▽

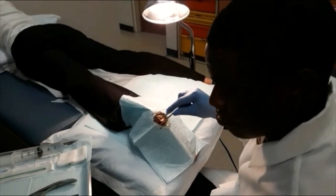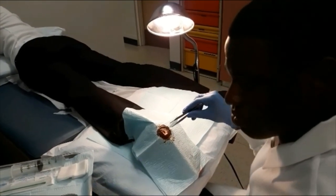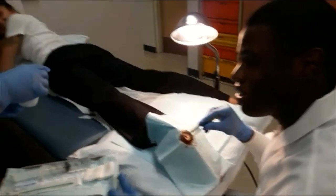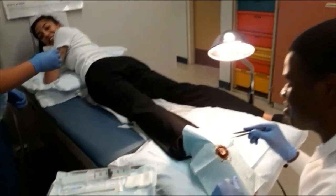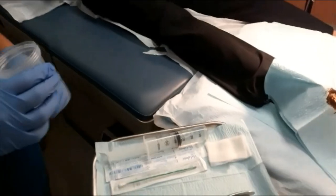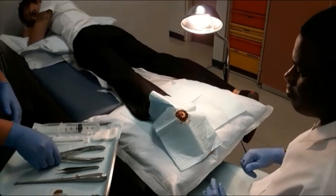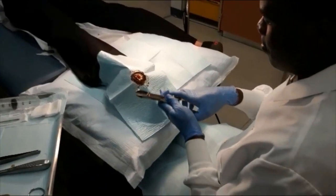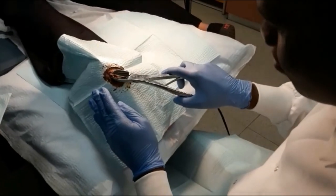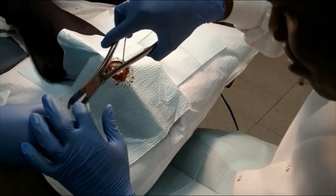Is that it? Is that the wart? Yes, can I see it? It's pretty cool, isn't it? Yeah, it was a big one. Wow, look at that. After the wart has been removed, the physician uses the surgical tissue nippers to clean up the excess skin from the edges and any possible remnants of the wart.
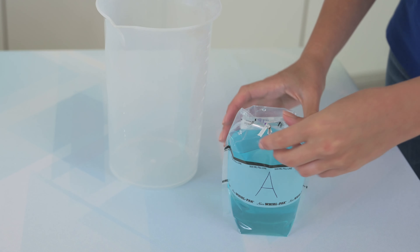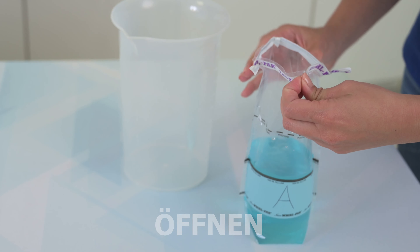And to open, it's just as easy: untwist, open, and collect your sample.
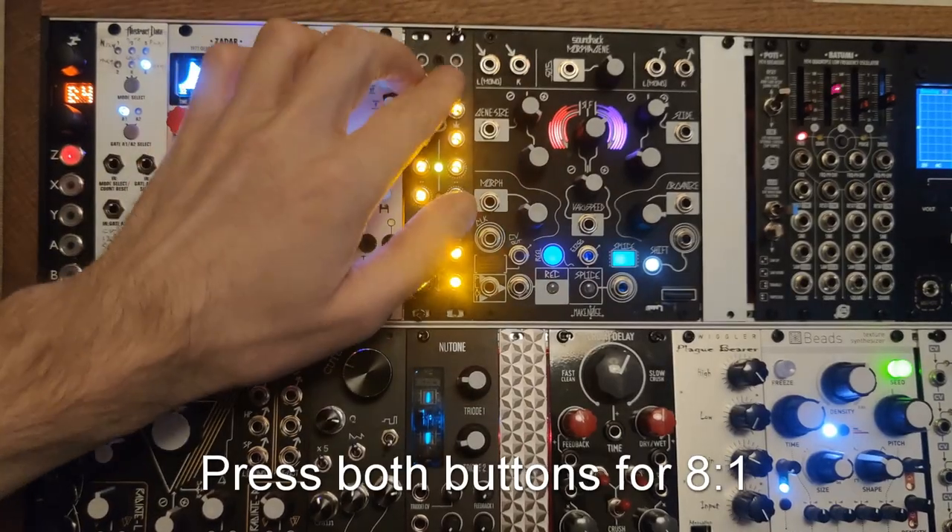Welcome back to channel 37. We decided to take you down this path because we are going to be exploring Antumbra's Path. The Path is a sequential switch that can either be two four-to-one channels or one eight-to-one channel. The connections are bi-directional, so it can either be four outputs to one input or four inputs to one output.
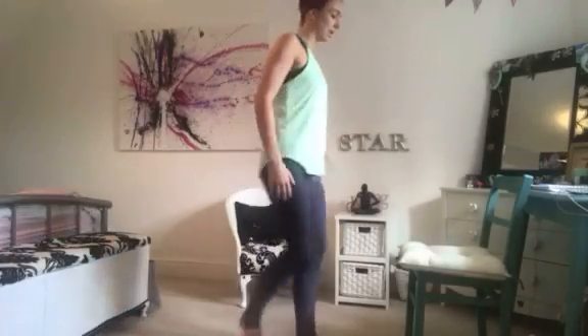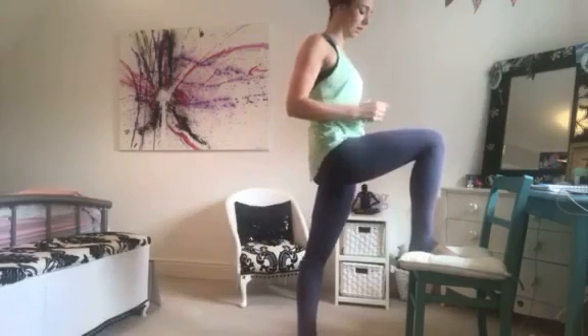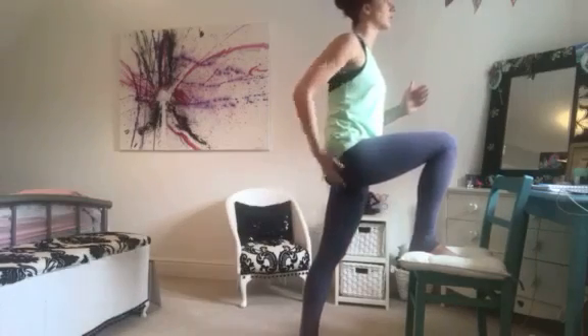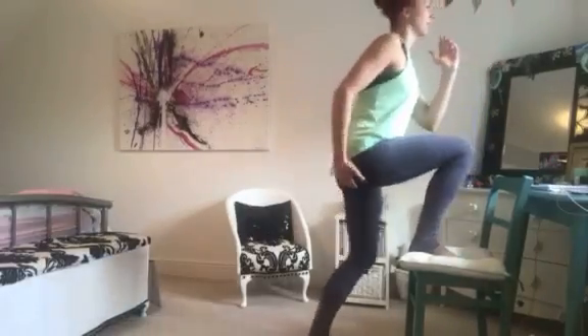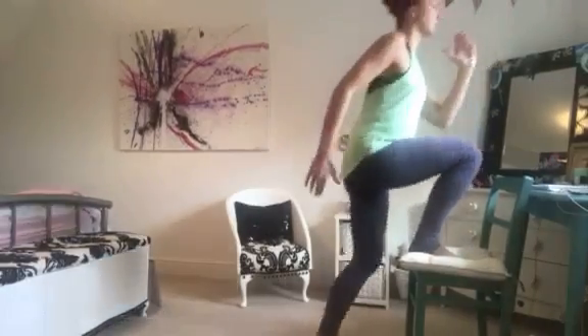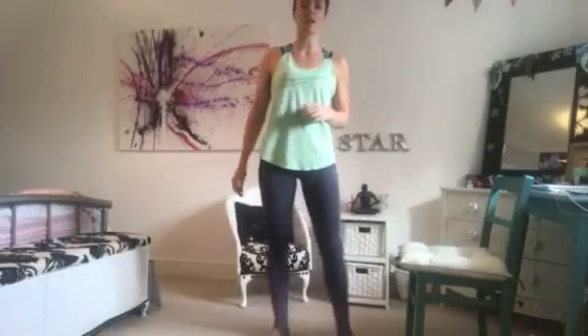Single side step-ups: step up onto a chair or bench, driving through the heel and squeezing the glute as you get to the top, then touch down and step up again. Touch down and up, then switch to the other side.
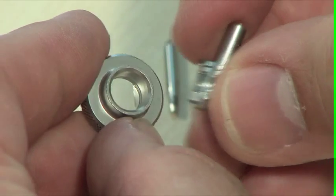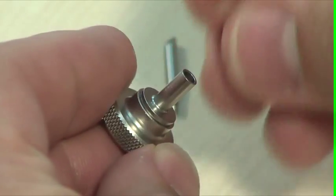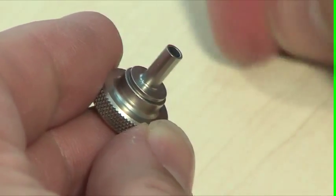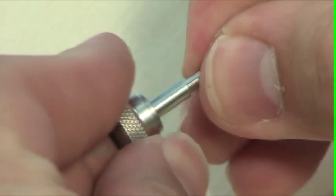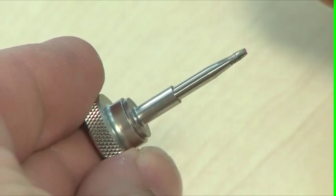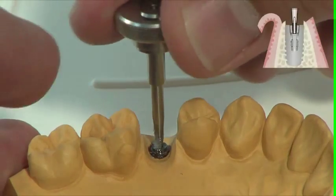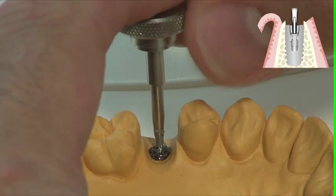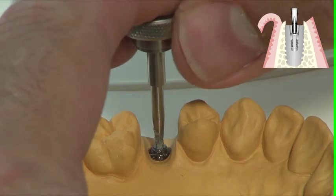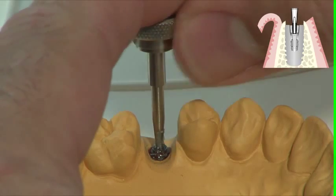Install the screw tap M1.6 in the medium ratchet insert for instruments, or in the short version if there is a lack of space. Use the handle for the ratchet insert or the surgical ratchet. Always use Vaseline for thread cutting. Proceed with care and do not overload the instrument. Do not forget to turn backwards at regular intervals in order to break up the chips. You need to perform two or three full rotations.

△

| WHAT IS REQUIRED |
Transcribe the entries above word for word, but leave every picture out of your copy.

| TASK SOLUTION |
Is that it? Is that the wart? Yes, can I see it? It's pretty cool, isn't it? Yeah, it was a big one. Wow, look at that. After the wart has been removed, the physician uses the surgical tissue nippers to clean up the excess skin from the edges and any possible remnants of the wart.
And to open, it's just as easy: untwist, open, and collect your sample.
Welcome back to channel 37. We decided to take you down this path because we are going to be exploring Antumbra's Path. The Path is a sequential switch that can either be two four-to-one channels or one eight-to-one channel. The connections are bi-directional, so it can either be four outputs to one input or four inputs to one output.
Single side step-ups: step up onto a chair or bench, driving through the heel and squeezing the glute as you get to the top, then touch down and step up again. Touch down and up, then switch to the other side.
Install the screw tap M1.6 in the medium ratchet insert for instruments, or in the short version if there is a lack of space. Use the handle for the ratchet insert or the surgical ratchet. Always use Vaseline for thread cutting. Proceed with care and do not overload the instrument. Do not forget to turn backwards at regular intervals in order to break up the chips. You need to perform two or three full rotations.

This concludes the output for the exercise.